Aim of the exercise: Every picture stays out; everything else in the listing below is to be returned exactly.

Data shown:
◇ ◇ ◇ ◇

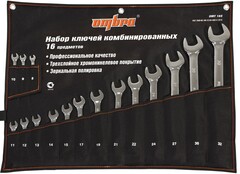 Ombra OMT16S Набор ключей гаечных комбинированных в сумке, 8-32 мм, 16 предметов 55009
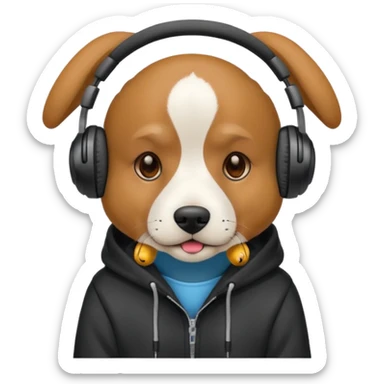 Dog wearing a hoodie and  wearing headphones sticker
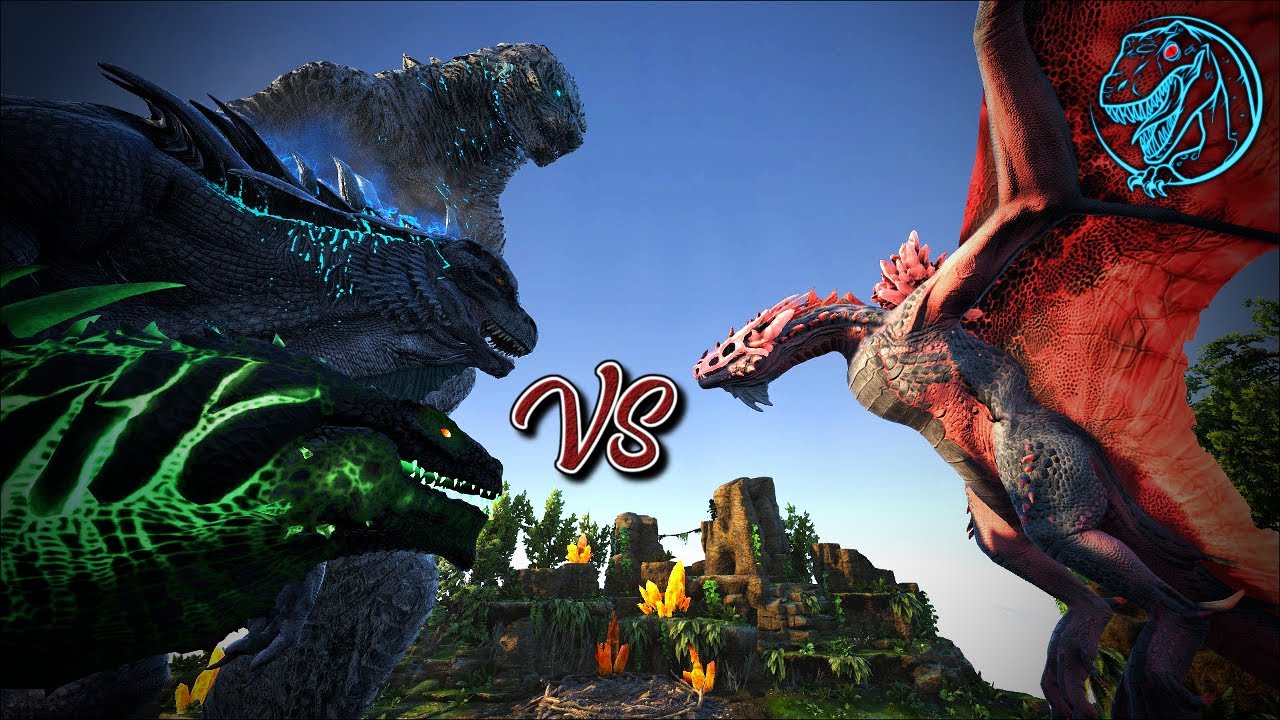 Gojiran, Godzilla and Zilla vs. Crystal Wyvern Queen (Alpha) | ARK Kaiju/Boss Battle 🦎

◇ ◇ ◇ ◇

Completed exercise:
 Ombra OMT16S Набор ключей гаечных комбинированных в сумке, 8-32 мм, 16 предметов 55009
 Dog wearing a hoodie and  wearing headphones sticker
 Gojiran, Godzilla and Zilla vs. Crystal Wyvern Queen (Alpha) | ARK Kaiju/Boss Battle 🦎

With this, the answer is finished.